## Provided information:
========================
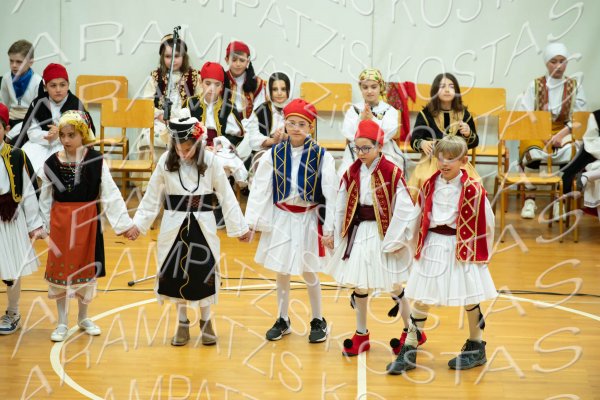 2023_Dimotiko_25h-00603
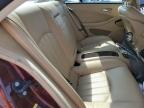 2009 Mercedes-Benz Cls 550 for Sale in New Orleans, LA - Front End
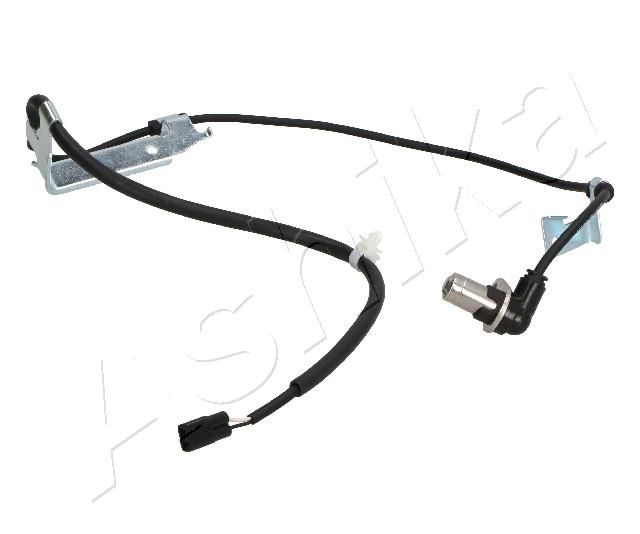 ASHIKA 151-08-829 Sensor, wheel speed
========================
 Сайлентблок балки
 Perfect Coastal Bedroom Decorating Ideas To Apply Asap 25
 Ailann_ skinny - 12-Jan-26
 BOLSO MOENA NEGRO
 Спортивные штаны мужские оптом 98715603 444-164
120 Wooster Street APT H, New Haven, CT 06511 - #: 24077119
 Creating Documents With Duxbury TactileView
========================
## Exercise requirements:
Reproduce exactly, with no pictures, the lines above from the one holding "2009 Mercedes-Benz Cls" to the one holding "ASHIKA 151-08-829 Sensor, wheel speed", inclusive.

## Output for this task:
 2009 Mercedes-Benz Cls 550 for Sale in New Orleans, LA - Front End
 ASHIKA 151-08-829 Sensor, wheel speed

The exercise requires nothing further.